O projeto de lei de iniciativa de cidadãos, com 20.669 assinaturas, pela suspensão do AO, foi entregue há mais de ano, passou de uma legislatura para a outra, e está na comissão parlamentar de Cultura, que pediu um parecer sobre a sua constitucionalidade à comissão de Assuntos Constitucionais, Direitos, Liberdades e Garantias.
Na quarta-feira, a comissão de Assuntos Constitucionais vai apreciar e votar o "parecer sobre a constitucionalidade do projeto de lei nº 1195", que deu entrada em 10 de abril do ano passado, e que não caducou com a entrada em funções do parlamento eleito nas eleições de 2019, ao contrário de projetos dos partidos.
O parecer já foi apresentado na reunião anterior por Pedro Delgado Alves, que concluiu que nas convenções internacionais, como é o Acordo Ortográfico, a sua "vinculação ou desvinculação" estão dentro "da reserva de iniciativa do Governo", de acordo com a Constituição.
O artigo 197.º, sobre a competência política, determina que cabe ao Governo "negociar e ajustar convenções internacionais".
Pelo que este tipo de decisão “não se insere na esfera de competências legislativa da Assembleia da República", argumentou Pedro Delgado Alves na apresentação do parecer aos deputados da comissão.
Além do mais, defendeu ainda, a iniciativa legislativa de cidadãos é para propor legislação e a "desvinculação" de uma convenção internacional é feita através de uma proposta e resolução.
O parlamento tem competência política para aprovar a adesão ou desvinculação a convenções internacionais, que devem ser propostas pelo Governo à Assembleia da República, através de uma resolução e não de uma lei.
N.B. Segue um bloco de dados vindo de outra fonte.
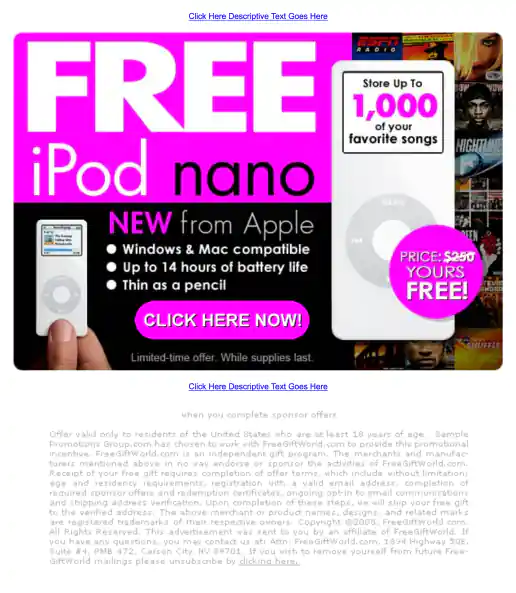 Adteractive “Free Apple iPod nano” Campaign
A alternativa, para Delgado Alves, seria o grupo de cidadãos entregarem uma petição para que a Assembleia da República recomende ao executivo a desvinculação do Acordo Ortográfico ou apresentar essa petição, com o mesmo objetivo, diretamente ao Governo.
Depois de votado, a discussão deverá prosseguir na comissão de Cultura.
O direito de iniciativa legislativa dos cidadãos, previsto no artigo 176.º da Constituição, foi regulamentado em lei em 2017 e permite que grupos de cidadãos eleitores possam apresentar projetos de lei e participar no procedimento legislativo a que derem origem.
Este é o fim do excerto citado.